*Exercise prompt*.
Leaving out the images, return the data below exactly as it is written.

*Information provided*.
▼

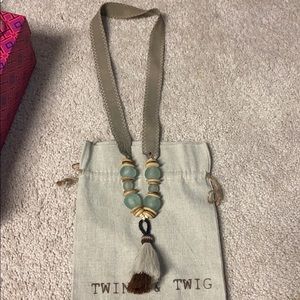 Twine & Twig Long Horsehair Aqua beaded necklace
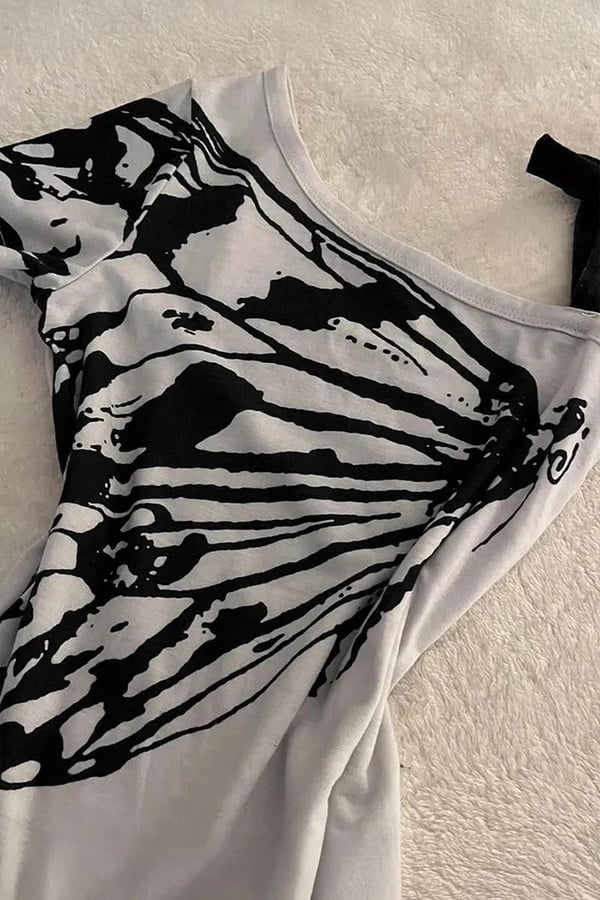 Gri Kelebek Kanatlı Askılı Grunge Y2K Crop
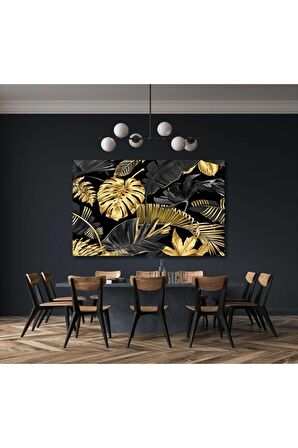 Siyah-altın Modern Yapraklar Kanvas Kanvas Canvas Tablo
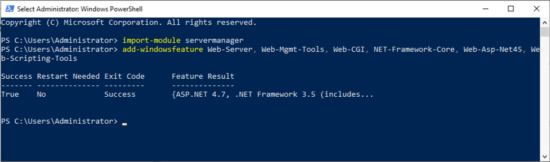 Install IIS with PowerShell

▲

*Your response*.
 Twine & Twig Long Horsehair Aqua beaded necklace
 Gri Kelebek Kanatlı Askılı Grunge Y2K Crop
 Siyah-altın Modern Yapraklar Kanvas Kanvas Canvas Tablo
 Install IIS with PowerShell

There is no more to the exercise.